## Description of the task
The full listing should be set down again without a single alteration.

## Material shown
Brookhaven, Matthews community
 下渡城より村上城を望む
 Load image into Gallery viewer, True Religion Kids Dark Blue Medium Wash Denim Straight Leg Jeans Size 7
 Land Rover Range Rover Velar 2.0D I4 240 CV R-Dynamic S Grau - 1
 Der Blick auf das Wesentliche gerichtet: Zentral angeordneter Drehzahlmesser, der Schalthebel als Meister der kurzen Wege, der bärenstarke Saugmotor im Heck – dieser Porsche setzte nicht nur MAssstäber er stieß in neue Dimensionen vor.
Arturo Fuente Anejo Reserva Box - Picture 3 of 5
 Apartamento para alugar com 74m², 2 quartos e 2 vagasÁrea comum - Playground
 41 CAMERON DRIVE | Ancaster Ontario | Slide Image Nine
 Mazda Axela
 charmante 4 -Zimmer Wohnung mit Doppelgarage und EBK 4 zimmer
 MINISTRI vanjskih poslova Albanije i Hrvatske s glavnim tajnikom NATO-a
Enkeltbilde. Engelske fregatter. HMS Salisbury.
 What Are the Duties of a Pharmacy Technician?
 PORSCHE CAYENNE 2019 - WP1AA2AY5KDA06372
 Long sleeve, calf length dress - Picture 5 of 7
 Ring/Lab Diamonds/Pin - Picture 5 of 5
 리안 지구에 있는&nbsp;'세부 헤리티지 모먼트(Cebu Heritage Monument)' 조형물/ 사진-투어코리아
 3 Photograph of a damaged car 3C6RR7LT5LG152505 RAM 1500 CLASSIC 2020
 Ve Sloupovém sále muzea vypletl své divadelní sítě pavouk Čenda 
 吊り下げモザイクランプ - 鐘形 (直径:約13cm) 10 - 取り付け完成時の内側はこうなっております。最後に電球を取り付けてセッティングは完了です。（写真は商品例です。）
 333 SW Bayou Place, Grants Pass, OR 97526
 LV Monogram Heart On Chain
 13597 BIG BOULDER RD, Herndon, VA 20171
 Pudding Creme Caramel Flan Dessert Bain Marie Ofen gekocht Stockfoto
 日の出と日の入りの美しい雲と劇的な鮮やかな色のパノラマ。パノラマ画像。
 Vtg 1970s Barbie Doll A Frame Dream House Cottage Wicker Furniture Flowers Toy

## Answer box
Brookhaven, Matthews community
 下渡城より村上城を望む
 Load image into Gallery viewer, True Religion Kids Dark Blue Medium Wash Denim Straight Leg Jeans Size 7
 Land Rover Range Rover Velar 2.0D I4 240 CV R-Dynamic S Grau - 1
 Der Blick auf das Wesentliche gerichtet: Zentral angeordneter Drehzahlmesser, der Schalthebel als Meister der kurzen Wege, der bärenstarke Saugmotor im Heck – dieser Porsche setzte nicht nur MAssstäber er stieß in neue Dimensionen vor.
Arturo Fuente Anejo Reserva Box - Picture 3 of 5
 Apartamento para alugar com 74m², 2 quartos e 2 vagasÁrea comum - Playground
 41 CAMERON DRIVE | Ancaster Ontario | Slide Image Nine
 Mazda Axela
 charmante 4 -Zimmer Wohnung mit Doppelgarage und EBK 4 zimmer
 MINISTRI vanjskih poslova Albanije i Hrvatske s glavnim tajnikom NATO-a
Enkeltbilde. Engelske fregatter. HMS Salisbury.
 What Are the Duties of a Pharmacy Technician?
 PORSCHE CAYENNE 2019 - WP1AA2AY5KDA06372
 Long sleeve, calf length dress - Picture 5 of 7
 Ring/Lab Diamonds/Pin - Picture 5 of 5
 리안 지구에 있는&nbsp;'세부 헤리티지 모먼트(Cebu Heritage Monument)' 조형물/ 사진-투어코리아
 3 Photograph of a damaged car 3C6RR7LT5LG152505 RAM 1500 CLASSIC 2020
 Ve Sloupovém sále muzea vypletl své divadelní sítě pavouk Čenda 
 吊り下げモザイクランプ - 鐘形 (直径:約13cm) 10 - 取り付け完成時の内側はこうなっております。最後に電球を取り付けてセッティングは完了です。（写真は商品例です。）
 333 SW Bayou Place, Grants Pass, OR 97526
 LV Monogram Heart On Chain
 13597 BIG BOULDER RD, Herndon, VA 20171
 Pudding Creme Caramel Flan Dessert Bain Marie Ofen gekocht Stockfoto
 日の出と日の入りの美しい雲と劇的な鮮やかな色のパノラマ。パノラマ画像。
 Vtg 1970s Barbie Doll A Frame Dream House Cottage Wicker Furniture Flowers Toy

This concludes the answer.